Momentum helps with more than just narrow valleys. It also helps escape saddle points. At a saddle point, the gradient is near zero, so plain gradient descent stalls. But if the optimizer has built up velocity from previous steps, the momentum carries it through the flat region and out the other side. This is one of the less obvious but deeply important benefits of momentum — it turns the optimizer's memory into a saddle-point escape mechanism.

Momentum also helps traverse flat plateaus. If a stretch of the loss landscape is nearly flat, the gradient is tiny and progress is glacial. But momentum accumulates even tiny gradients over time, building enough velocity to cross the plateau. Without momentum, you might stall in a flat region for thousands of steps. With it, the ball keeps rolling.

Mini-Batch SGD

So far, we've assumed we compute the gradient on the entire training set at each step. For a dataset of a million examples, that means a million forward passes and a million backward passes before a single parameter update. That's batch gradient descent, and it's too slow for modern scale.

The alternative is Stochastic Gradient Descent (SGD) — compute the gradient on a single randomly chosen example and update immediately. This is noisy. One example gives a crude estimate of the true gradient. But it's fast, and the noise turns out to be a feature, not a bug.

In practice, we use mini-batch SGD: compute the gradient on a small random subset (a mini-batch) of, say, 32 or 256 examples. This is a compromise. The mini-batch gradient is a noisy estimate of the full-batch gradient, but it's much cheaper to compute, and the noise isn't too wild.
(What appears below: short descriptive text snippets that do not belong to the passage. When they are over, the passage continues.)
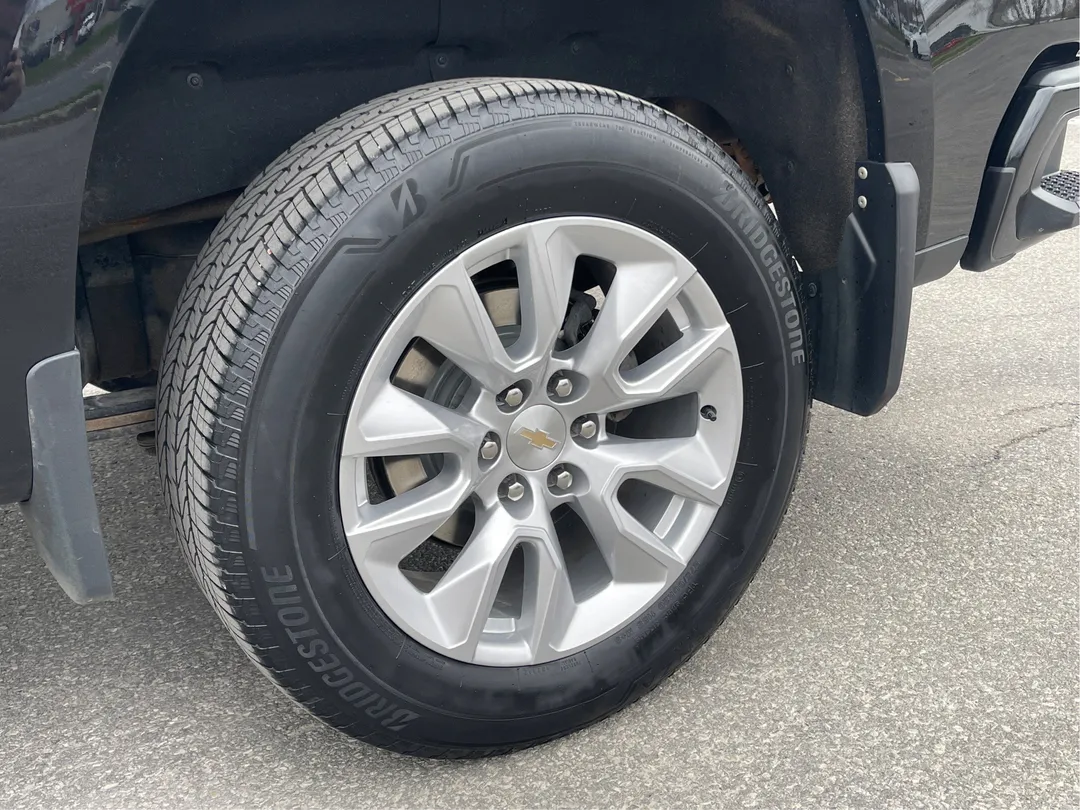 2024 Chevrolet Silverado 1500 — photo 5
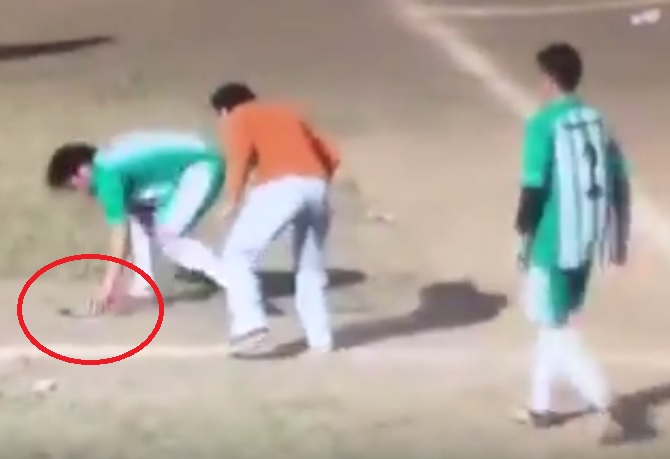 VIDEO Životinja utrčala na teren, nogometaš stao na nju i ulovio je, pa dobio žuti zbog grubosti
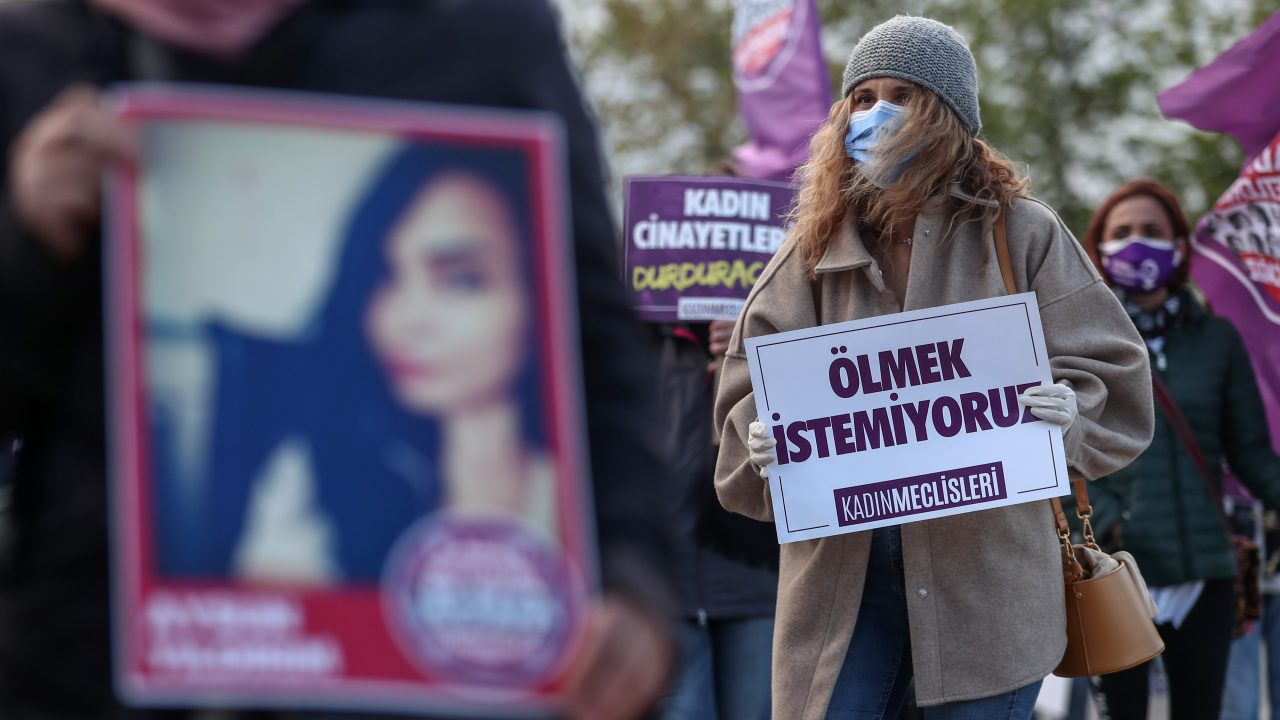 Six women's rights activists arrested in southeast Turkey
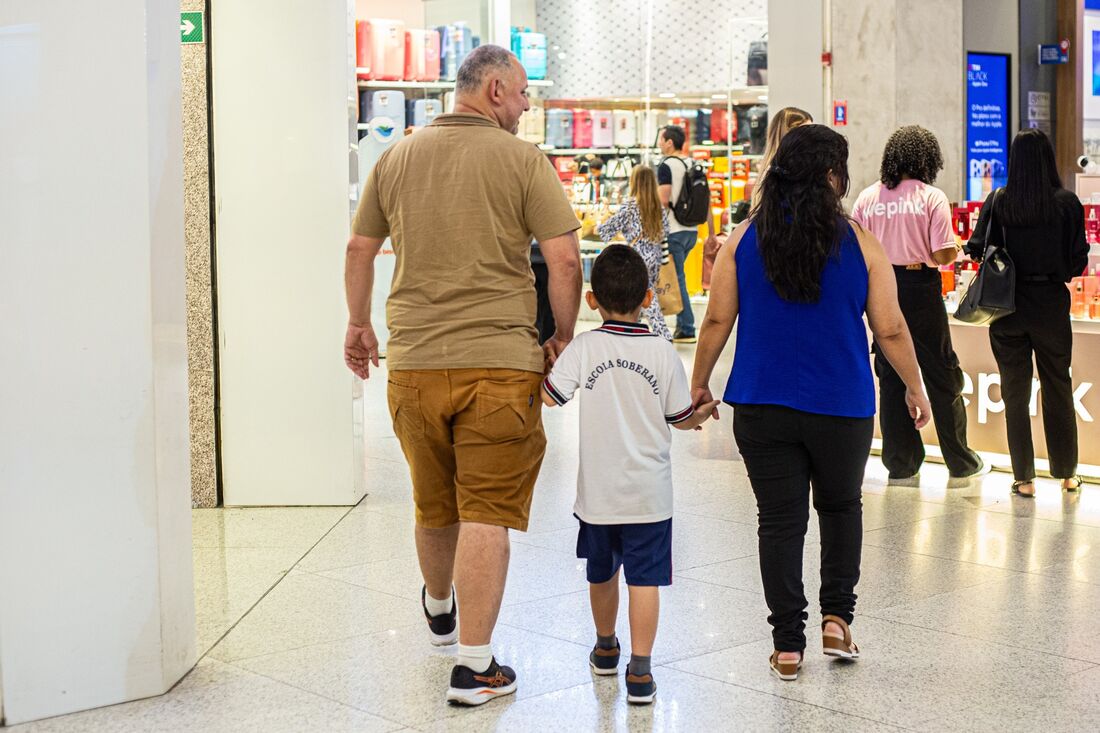 Ronda do comércio para o Dia das Crianças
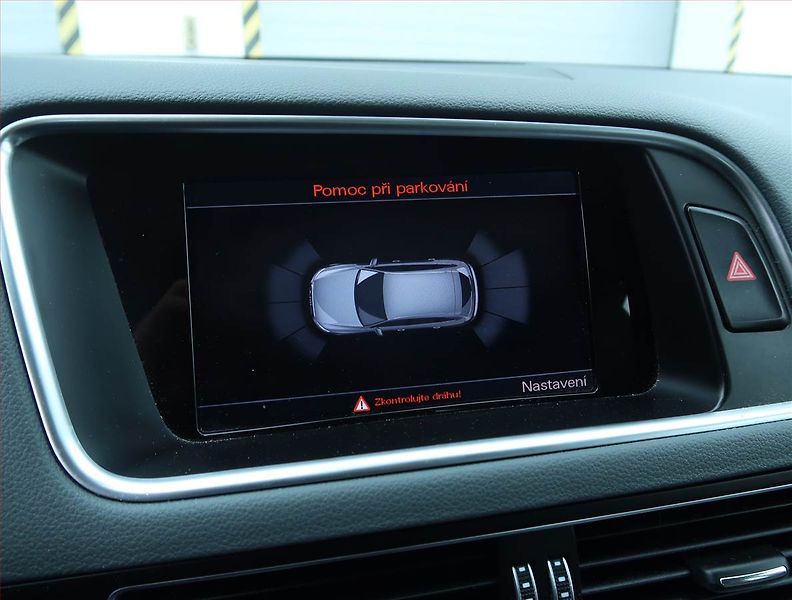 Audi Q5 (2015) design 2.0 TDI, 4X4, Automat - fotka 20 z 24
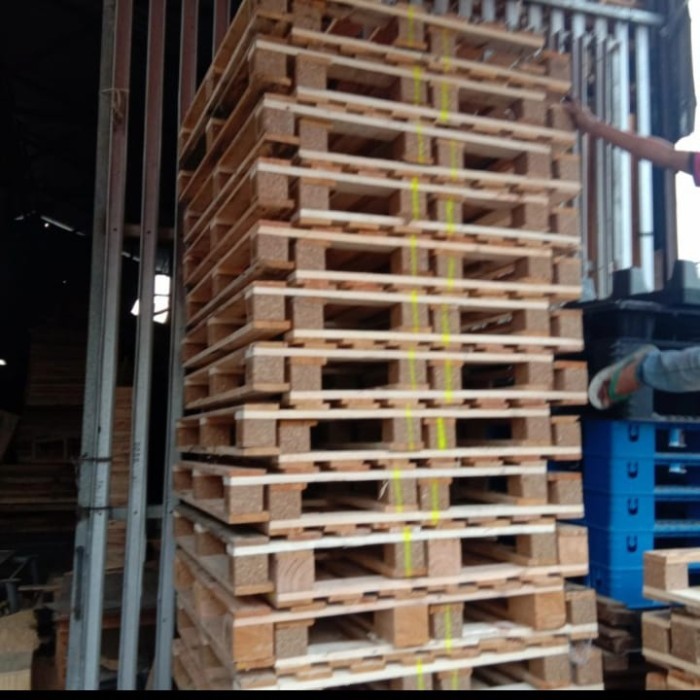 PALET KAYU SERBAGUNA BERKUALITAS BAGUS 100x120cm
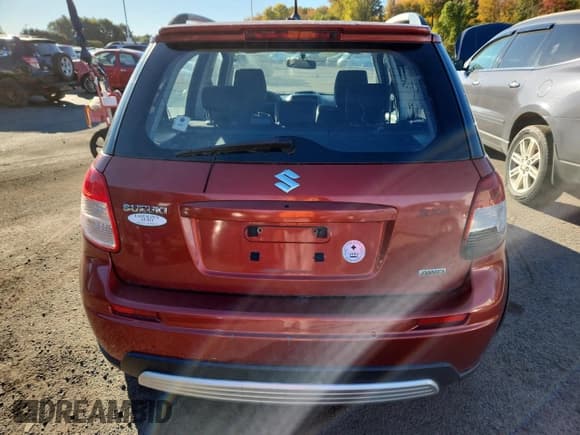 ✅ 2009 Suzuki SX4 Touring AWD • VIN: JS2YB417795101512 • Lot: 87224405. Wystawiony na Copart z przebiegiem 144 763 mil. Bezpłatny archiwum sprzedaży aukcyjnych z USA i szczegółowy raport historii pojazdu na DreamBid. Zdjęcie 6.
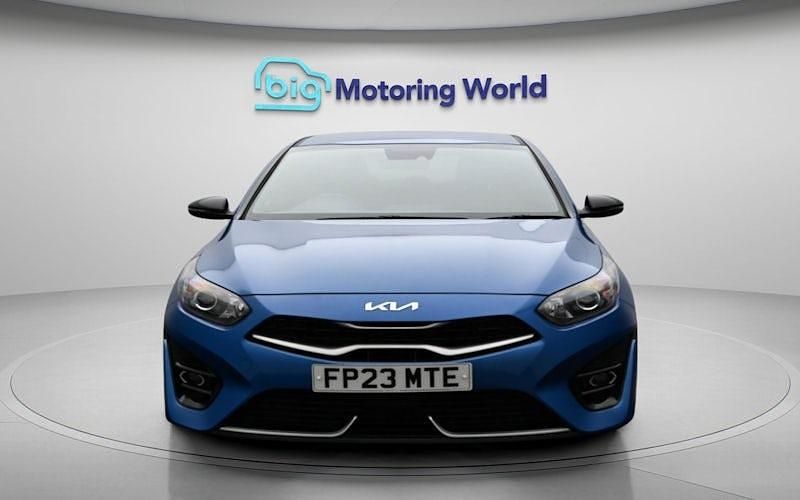 Usado Kia Ceed GT-Line 160 HP (117 kW) 2023 Azul Citadino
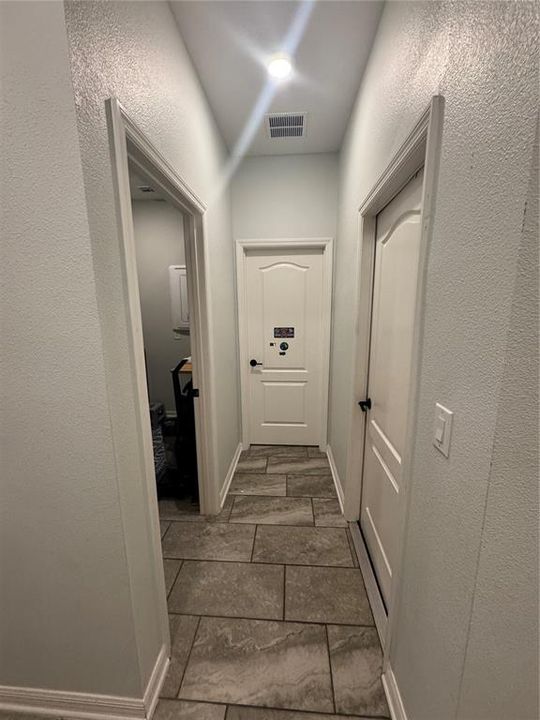 待售: $450,000 (4 贝兹, 2 浴室, 2121 平方英尺)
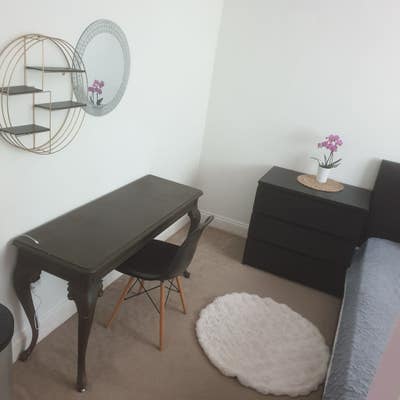 Double room Hounslow Main Photo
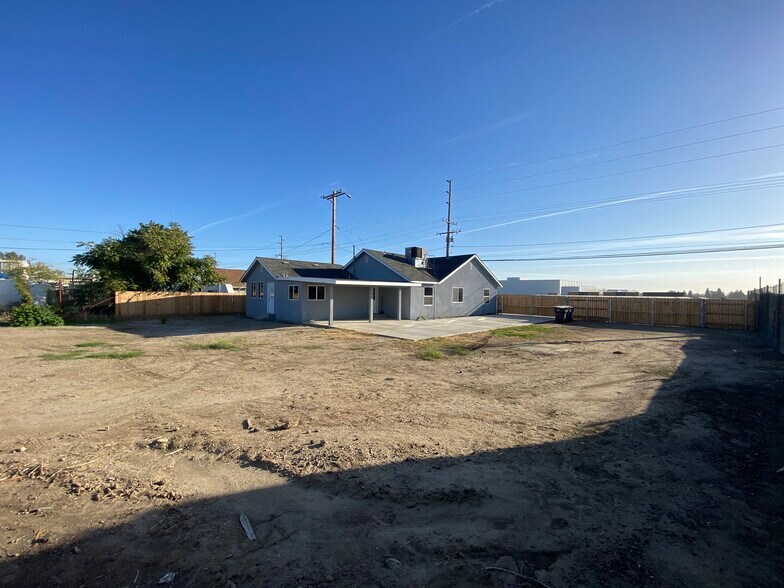 More Photos Of 1679 S O St, Tulare Light Manufacturing For Lease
Why is the noise a feature? Think about our hiker analogy. Full-batch gradient descent is the hiker on a clear day, seeing the exact slope everywhere. They walk directly to the nearest valley bottom and stop — even if it's a shallow local minimum with a much deeper valley just over the next ridge. Mini-batch SGD is the hiker in fog and wind. They can feel the general direction of downhill, but there's randomness — gusts that push them sideways, mist that obscures the exact slope. Sometimes those gusts push them out of a shallow minimum and over the ridge into a deeper valley.

The noise from mini-batches has real mathematical consequences. It acts as implicit regularization: the optimizer can't settle into the sharpest, narrowest valleys because the noise bounces it back out. It tends to find flat minima — regions where the loss is low and stays low even when parameters are perturbed. There's accumulating evidence that flat minima generalize better than sharp ones, because the flatness means the model's performance is robust to small perturbations in the weights.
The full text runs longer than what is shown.